WORK TO COMPLETE >>
Look through the records below for the line holding "Radlader | Jetzt". Write it out exactly, with each following line through the line holding "Luxury Handmade Bathing".

□ □ □ □ □

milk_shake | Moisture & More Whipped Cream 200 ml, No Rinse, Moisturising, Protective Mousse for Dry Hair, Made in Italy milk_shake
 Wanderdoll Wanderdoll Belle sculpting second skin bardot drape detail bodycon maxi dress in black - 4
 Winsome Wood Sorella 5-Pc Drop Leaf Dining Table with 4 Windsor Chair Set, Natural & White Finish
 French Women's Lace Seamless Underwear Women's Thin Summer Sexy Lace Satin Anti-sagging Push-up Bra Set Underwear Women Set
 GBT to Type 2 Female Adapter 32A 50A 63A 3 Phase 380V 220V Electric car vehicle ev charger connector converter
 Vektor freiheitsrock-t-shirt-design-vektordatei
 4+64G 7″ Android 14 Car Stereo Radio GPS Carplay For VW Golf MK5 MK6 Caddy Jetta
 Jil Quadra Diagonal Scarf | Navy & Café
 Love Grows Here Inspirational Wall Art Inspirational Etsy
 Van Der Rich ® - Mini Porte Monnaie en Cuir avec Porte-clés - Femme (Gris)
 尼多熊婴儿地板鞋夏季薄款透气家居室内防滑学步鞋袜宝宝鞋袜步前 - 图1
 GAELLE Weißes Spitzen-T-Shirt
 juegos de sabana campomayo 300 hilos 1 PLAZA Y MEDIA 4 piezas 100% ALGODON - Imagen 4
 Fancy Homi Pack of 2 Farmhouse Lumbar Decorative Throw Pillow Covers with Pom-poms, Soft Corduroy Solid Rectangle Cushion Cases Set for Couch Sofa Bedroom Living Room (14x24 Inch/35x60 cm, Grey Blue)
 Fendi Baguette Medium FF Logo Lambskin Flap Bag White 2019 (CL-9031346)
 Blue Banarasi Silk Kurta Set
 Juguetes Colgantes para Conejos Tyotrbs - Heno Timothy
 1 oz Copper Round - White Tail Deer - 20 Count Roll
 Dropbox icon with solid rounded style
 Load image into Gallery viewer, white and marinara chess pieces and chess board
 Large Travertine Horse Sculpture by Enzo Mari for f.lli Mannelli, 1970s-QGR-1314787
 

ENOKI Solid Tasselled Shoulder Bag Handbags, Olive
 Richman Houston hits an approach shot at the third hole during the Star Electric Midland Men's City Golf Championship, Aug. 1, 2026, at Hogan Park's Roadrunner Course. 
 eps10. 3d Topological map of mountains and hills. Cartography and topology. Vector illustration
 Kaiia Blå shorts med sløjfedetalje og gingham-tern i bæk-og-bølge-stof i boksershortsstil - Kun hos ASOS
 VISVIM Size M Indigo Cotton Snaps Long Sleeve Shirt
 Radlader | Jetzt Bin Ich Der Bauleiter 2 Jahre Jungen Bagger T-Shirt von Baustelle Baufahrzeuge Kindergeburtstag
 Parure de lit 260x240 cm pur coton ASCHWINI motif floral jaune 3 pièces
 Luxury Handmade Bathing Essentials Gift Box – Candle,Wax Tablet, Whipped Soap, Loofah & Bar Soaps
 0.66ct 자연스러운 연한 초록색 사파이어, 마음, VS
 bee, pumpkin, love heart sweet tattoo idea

□ □ □ □ □

RESPONSE >>
 Radlader | Jetzt Bin Ich Der Bauleiter 2 Jahre Jungen Bagger T-Shirt von Baustelle Baufahrzeuge Kindergeburtstag
 Parure de lit 260x240 cm pur coton ASCHWINI motif floral jaune 3 pièces
 Luxury Handmade Bathing Essentials Gift Box – Candle,Wax Tablet, Whipped Soap, Loofah & Bar Soaps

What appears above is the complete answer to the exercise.